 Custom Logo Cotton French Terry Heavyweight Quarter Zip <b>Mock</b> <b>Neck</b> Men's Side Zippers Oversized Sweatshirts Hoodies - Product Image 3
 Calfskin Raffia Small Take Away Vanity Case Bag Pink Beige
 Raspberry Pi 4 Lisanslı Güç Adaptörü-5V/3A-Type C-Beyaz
☆ ☆ ☆ ☆
PROBLEM — Return the full listing. Leave every word as it stands.

RESULT FOR THIS TASK —
 Custom Logo Cotton French Terry Heavyweight Quarter Zip <b>Mock</b> <b>Neck</b> Men's Side Zippers Oversized Sweatshirts Hoodies - Product Image 3
 Calfskin Raffia Small Take Away Vanity Case Bag Pink Beige
 Raspberry Pi 4 Lisanslı Güç Adaptörü-5V/3A-Type C-Beyaz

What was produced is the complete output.